§ PROBLEM DESCRIPTION
Pictures stay out of the copy. Retype exactly the lines below from the one with "Welcome back to another episode of Collecting" through the one with "Good morning. Real".

----------

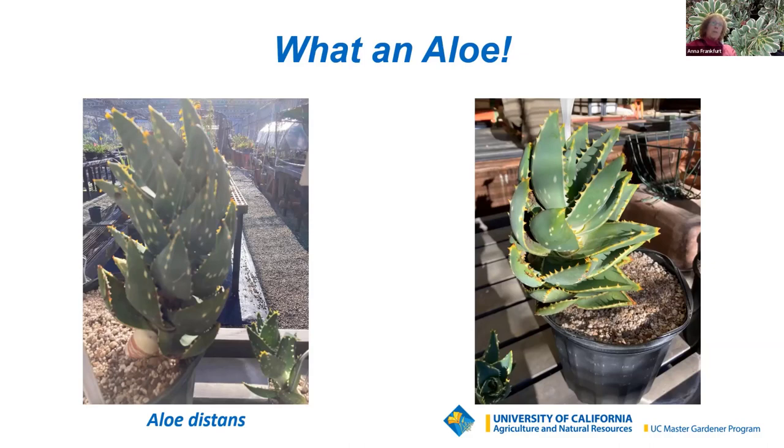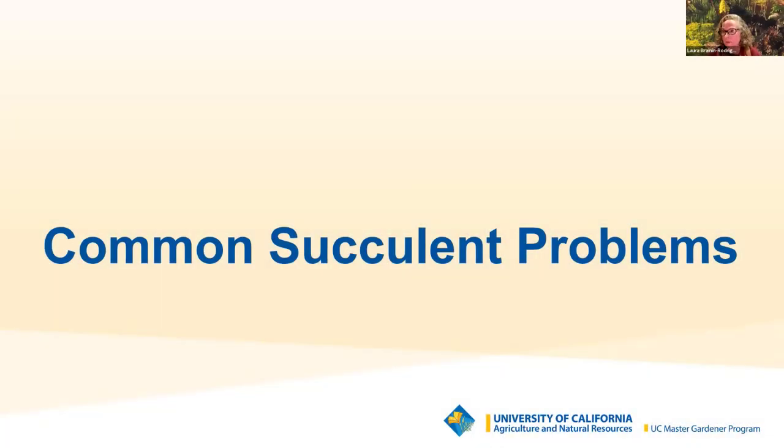Now my co-presenter Laura will talk about succulent problems and where you can go to view succulents in nature. As Anna shared, she provided beautiful pictures and information on why, how, and where to grow and propagate succulents. Laura will now give a brief overview of common succulent problems including too much or too little water, too much or too little light, as well as common insect and fungal pests, and then share information on local places to enjoy succulents.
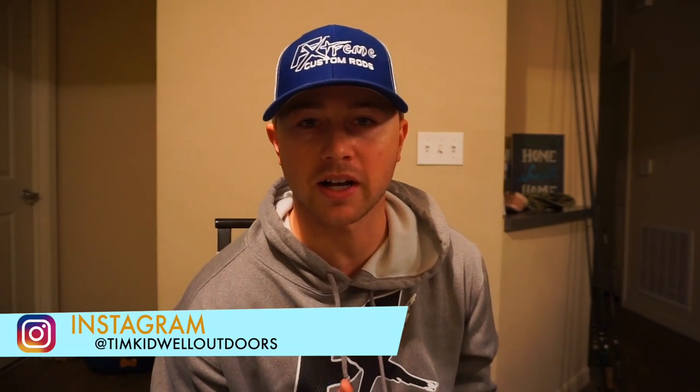Hey guys, welcome back to another episode of Tim Kidwell Outdoors. This video is going to be about how to clean your rods, and this is actually very important, especially now that it's the beginning of the year and tournament seasons are just starting. You want to actually have a clean rod.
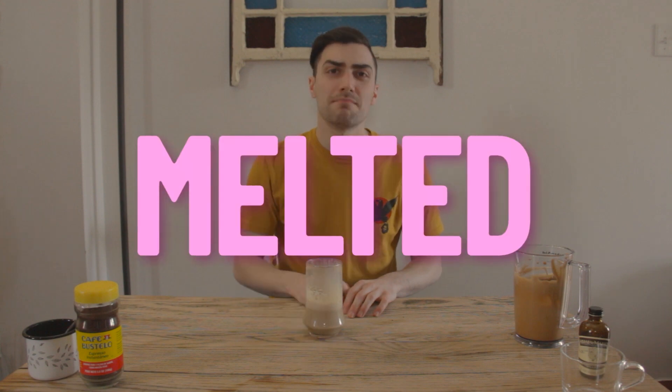And here it is. That tastes like melted coffee ice cream.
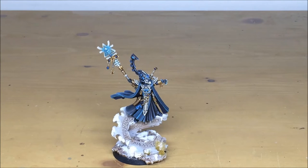Hey guys, hope you're well and welcome to this commission completion video. In front of you you can see Eldrad Ulthran, one of the great characters from the Eldar range in Warhammer 40,000. This is the new plastic sculpt that has come out recently with the Death Mask box, which came with some Harlequins and Deathwatch.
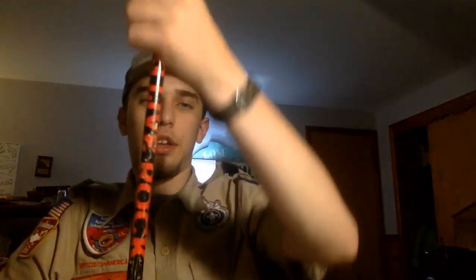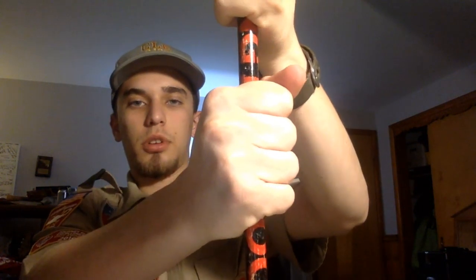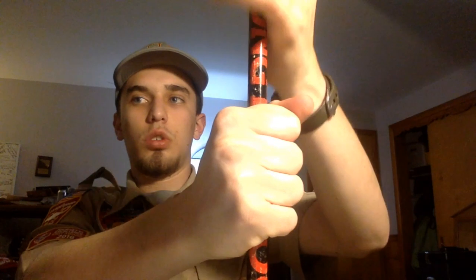With handing off an axe, make sure the blade is down and to the side, not pointing towards you or the person receiving it. The person giving it holds on top, the person receiving it holds on the bottom — that way if the giver lets go early, the receiver can catch it quicker because they're below. That's all on knife and axe safety; we'll cover more in person, including your totem chip, which you need for knife, axe, and saw safety.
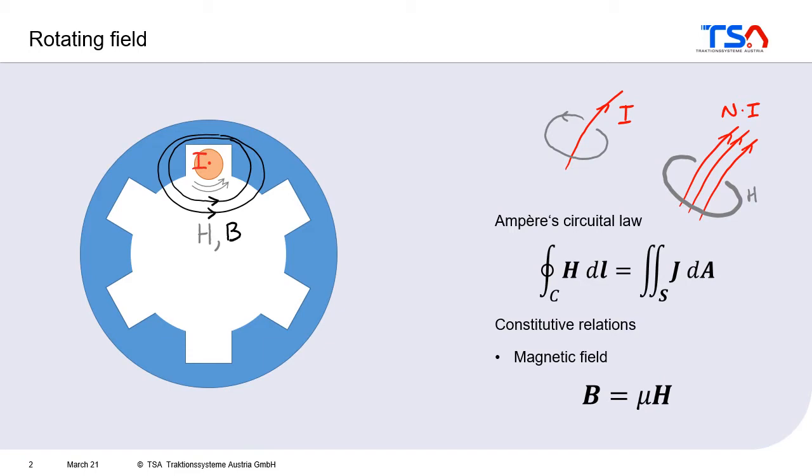As we already know, if you put the current somewhere, then you get the magnetic field. For example, if you put a conductor here in this slot and you put some current to that conductor, then as a result, you get the magnetic field around it, and so the magnetic field passes through the lamination. And as we already know from the material properties, the magnetic flux especially likes to go inside the lamination.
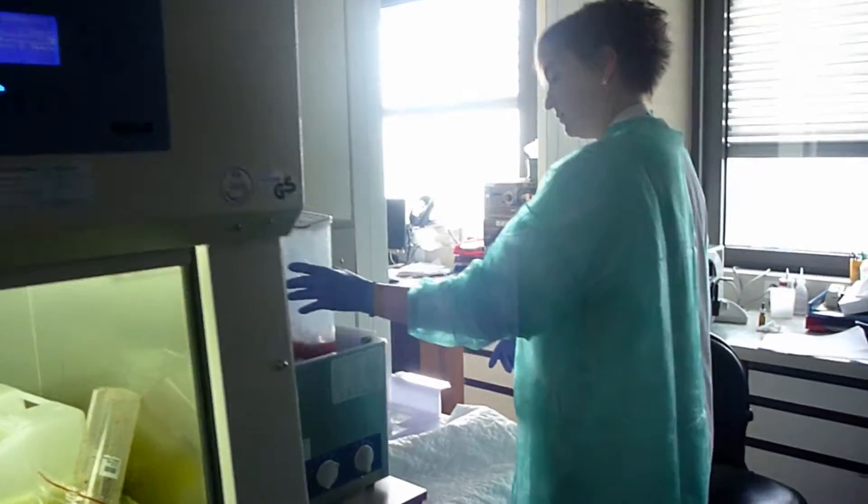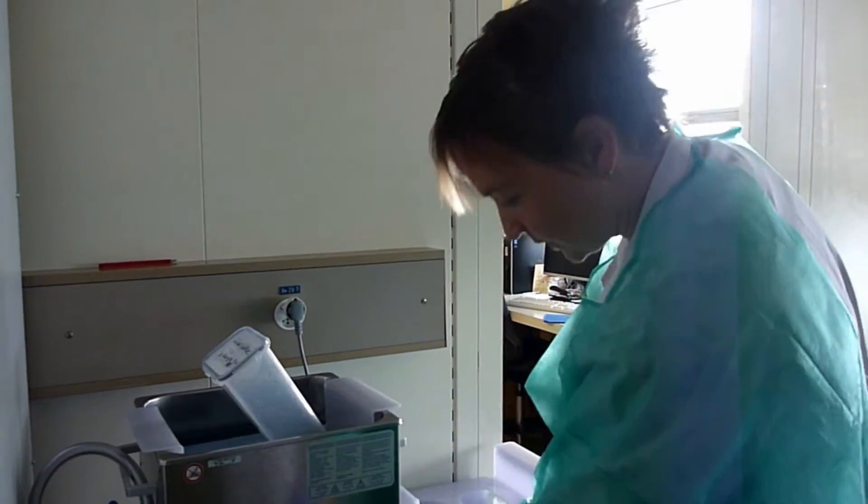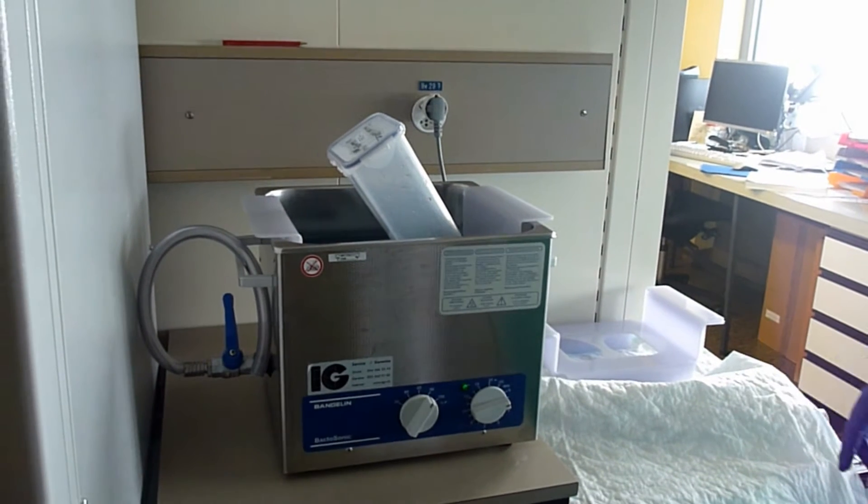Put the box in the sonication bath. It's about one minute of sonication.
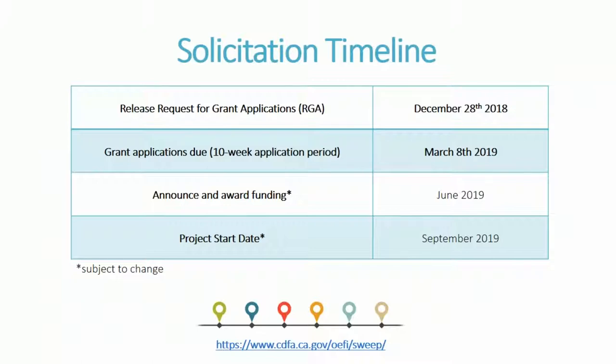This is our solicitation timeline. We released the Request for Grant Application (RGA) on December 28th, 2018, which you can find on our SWEEP webpage. Grant applications are due on March 8th, 2019 — a 10-week application period, which is also an extension from the past. We anticipate announcing awards in June 2019, with project start dates of September 2019. Those are subject to change, so I encourage you to visit the SWEEP webpage to stay up to date.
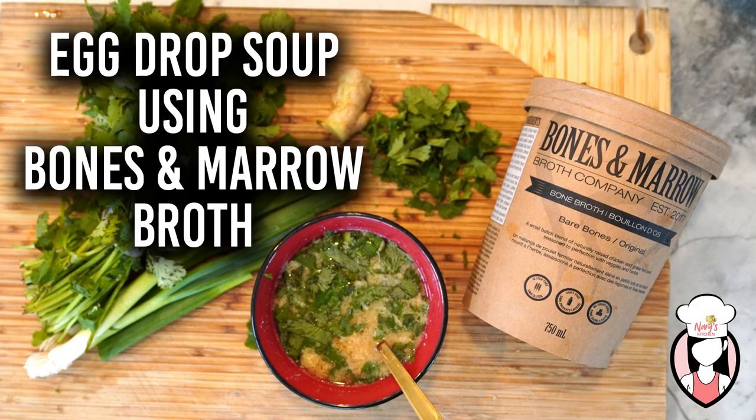Thank you to all for watching. And if you try this delicious recipe, let us know your thoughts in the comments below. Thanks, guys. I'll see you next week.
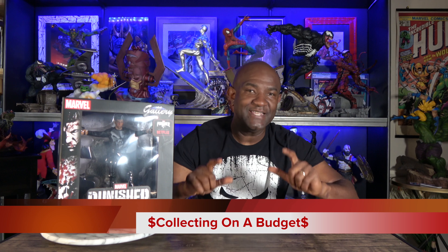Welcome back to another episode of Collecting on a Budget. I'm Calvin Statue Fanatic, and this is a show where I show you some really cool collectibles that you can collect without breaking the bank. Today we'll be taking a look at the Punisher — this is a Diamond Select Gallery figure based on the Netflix original show, which I think is absolutely fantastic. They knocked it out of the park. They're going to do a season two, and Daredevil and Punisher have by far been the breakaway hits from the Netflix Marvel Universe.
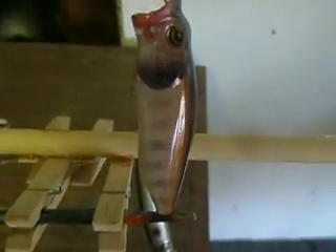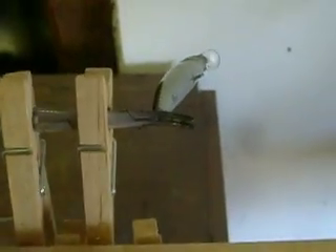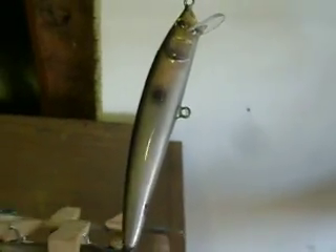Good morning. Real quick, here we have a POPMAX that was just clear coated. There's a BALSA — handmade BALSA J80, 80mm. A TN70 that stands straight up on its nose at rest.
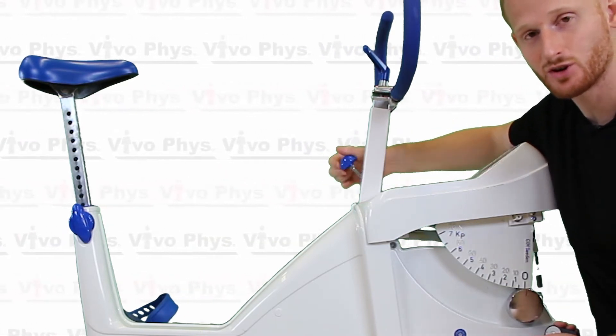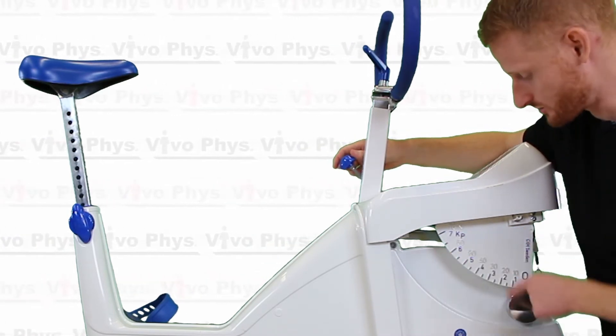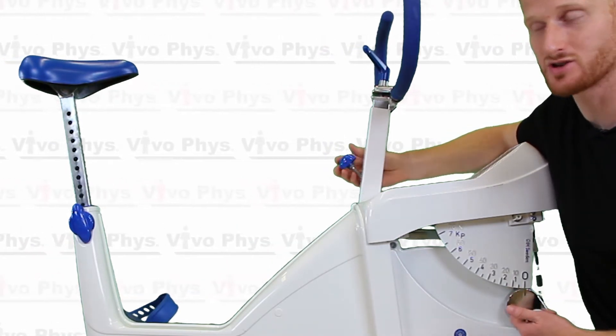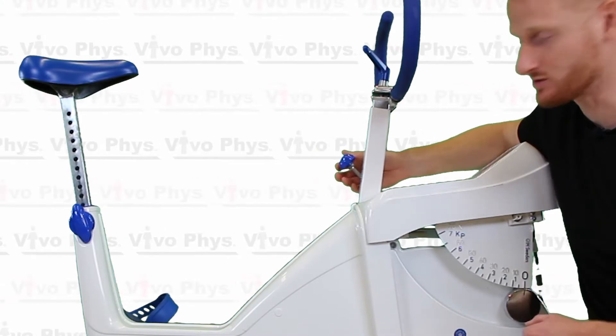You are turning the resistance up by turning the knob when nobody's pedaling, but it doesn't show on the dial. It only shows the resistance when somebody's actually pedaling. So it's best not to adjust the resistance when no one is pedaling because you have no way of knowing where you are within the range of resistance.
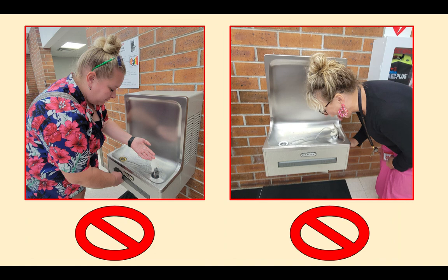When using the water fountain, we know the expected behavior. Hands should never be in the water fountain — use the bathroom if you need to wash your hands. Make sure that you are drinking in front of the water fountain and that your tongue stays away from the metal and the plastic part to avoid spreading germs.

----------

§ RESPONSE BELOW
Welcome back to another episode of Collecting on a Budget. I'm Calvin Statue Fanatic, and this is a show where I show you some really cool collectibles that you can collect without breaking the bank. Today we'll be taking a look at the Punisher — this is a Diamond Select Gallery figure based on the Netflix original show, which I think is absolutely fantastic. They knocked it out of the park. They're going to do a season two, and Daredevil and Punisher have by far been the breakaway hits from the Netflix Marvel Universe.
Good morning. Real quick, here we have a POPMAX that was just clear coated. There's a BALSA — handmade BALSA J80, 80mm. A TN70 that stands straight up on its nose at rest.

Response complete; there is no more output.